How many times can a man turn his head
And pretend that he just doesn't see
--Bob Dylan
One thing in common between Donald Trump and Franklin Roosevelt appears to be lack of guiding ideology.
As superbly recounted by John T. Flynn, FDR built his political career on saying one thing and doing another. His campaign platform in 1932 was planked in promises to reduce the size of government, balance the budget, and keep the US out of war.
Subsequently, of course, FDR did the opposite. His New Deal programs made all previous government interventions in private affairs seem small. His spending resulted in the greatest non-war federal debt levels that the country had yet experienced. His provocations sparked US involvement in a world war that made the previous Great War seem tiny.
Trump's behavior also blows with the wind. Like FDR, he is prone to quickly changing his mind. A person that Trump publicly welcomes as an ally today might be chastised as an enemy tomorrow. His positions are often inconsistent, sometimes channeling getting government out of people's lives while at other times fostering more government intrusion.
Rather than shaping his actions according to an ideological framework, Trump's actions, like FDRs, appear grounded in political expedience.
This is not to say that ideologies might not play roles in administrations where the president possesses no core principles himself. FDR populated his 'braintrust' with ideologues--many of them with communist or fascist socialist leanings.
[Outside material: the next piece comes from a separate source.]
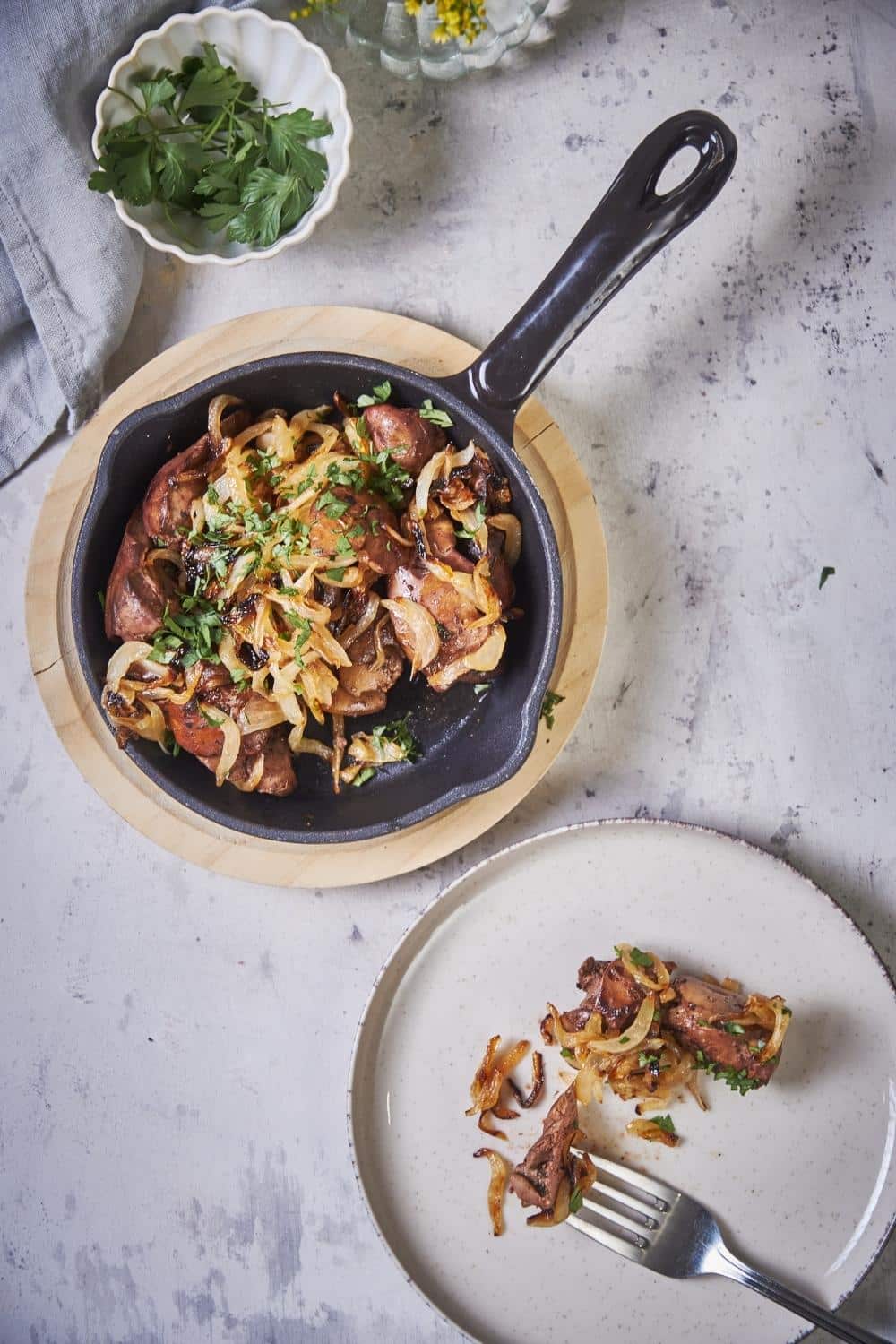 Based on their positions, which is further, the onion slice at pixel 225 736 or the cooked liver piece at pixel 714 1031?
the cooked liver piece at pixel 714 1031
Many believe that Trump has also inserted ideologues into his administration, some of whom lean toward the fascist end of the socialist spectrum.
It came to pass that policies of FDR's administrations were shaped by the socialist beliefs of his brain trust. Those beliefs filled the ideological vacuum inside the Oval Office at the time.
If a similar vacuum is created inside the Trump White House, what ideologies might rush in to fill the void?